═══ DATA SHOWN
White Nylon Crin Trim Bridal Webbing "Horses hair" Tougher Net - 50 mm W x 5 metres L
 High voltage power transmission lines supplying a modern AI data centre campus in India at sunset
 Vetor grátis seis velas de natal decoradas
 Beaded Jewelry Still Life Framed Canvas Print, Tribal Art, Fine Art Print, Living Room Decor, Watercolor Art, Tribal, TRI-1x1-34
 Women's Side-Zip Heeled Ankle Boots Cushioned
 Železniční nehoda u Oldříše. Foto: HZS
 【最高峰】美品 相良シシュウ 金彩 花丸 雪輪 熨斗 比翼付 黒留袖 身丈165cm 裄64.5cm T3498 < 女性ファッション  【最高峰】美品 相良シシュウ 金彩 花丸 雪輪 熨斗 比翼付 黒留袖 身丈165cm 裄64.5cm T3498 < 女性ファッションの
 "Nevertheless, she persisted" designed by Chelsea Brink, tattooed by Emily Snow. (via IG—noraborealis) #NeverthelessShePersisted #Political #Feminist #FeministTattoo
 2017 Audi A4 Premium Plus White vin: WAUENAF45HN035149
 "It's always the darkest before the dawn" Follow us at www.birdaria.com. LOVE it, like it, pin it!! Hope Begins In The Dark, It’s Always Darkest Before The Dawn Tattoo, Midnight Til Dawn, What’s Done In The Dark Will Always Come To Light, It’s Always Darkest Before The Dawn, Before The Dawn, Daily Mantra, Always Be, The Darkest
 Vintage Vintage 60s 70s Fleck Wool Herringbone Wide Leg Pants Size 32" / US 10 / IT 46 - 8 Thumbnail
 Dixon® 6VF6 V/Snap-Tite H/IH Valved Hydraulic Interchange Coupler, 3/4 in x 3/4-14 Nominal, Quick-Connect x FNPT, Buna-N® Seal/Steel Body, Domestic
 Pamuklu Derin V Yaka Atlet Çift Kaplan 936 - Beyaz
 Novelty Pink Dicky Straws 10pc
══════
WHAT TO PRODUCE:
Please print exactly the lines of the entries above, beginning with the line that contains "T3498 < 女性ファッションの" and ending with the last line.

RESPONSE AREA:
 【最高峰】美品 相良シシュウ 金彩 花丸 雪輪 熨斗 比翼付 黒留袖 身丈165cm 裄64.5cm T3498 < 女性ファッション  【最高峰】美品 相良シシュウ 金彩 花丸 雪輪 熨斗 比翼付 黒留袖 身丈165cm 裄64.5cm T3498 < 女性ファッションの
 "Nevertheless, she persisted" designed by Chelsea Brink, tattooed by Emily Snow. (via IG—noraborealis) #NeverthelessShePersisted #Political #Feminist #FeministTattoo
 2017 Audi A4 Premium Plus White vin: WAUENAF45HN035149
 "It's always the darkest before the dawn" Follow us at www.birdaria.com. LOVE it, like it, pin it!! Hope Begins In The Dark, It’s Always Darkest Before The Dawn Tattoo, Midnight Til Dawn, What’s Done In The Dark Will Always Come To Light, It’s Always Darkest Before The Dawn, Before The Dawn, Daily Mantra, Always Be, The Darkest
 Vintage Vintage 60s 70s Fleck Wool Herringbone Wide Leg Pants Size 32" / US 10 / IT 46 - 8 Thumbnail
 Dixon® 6VF6 V/Snap-Tite H/IH Valved Hydraulic Interchange Coupler, 3/4 in x 3/4-14 Nominal, Quick-Connect x FNPT, Buna-N® Seal/Steel Body, Domestic
 Pamuklu Derin V Yaka Atlet Çift Kaplan 936 - Beyaz
 Novelty Pink Dicky Straws 10pc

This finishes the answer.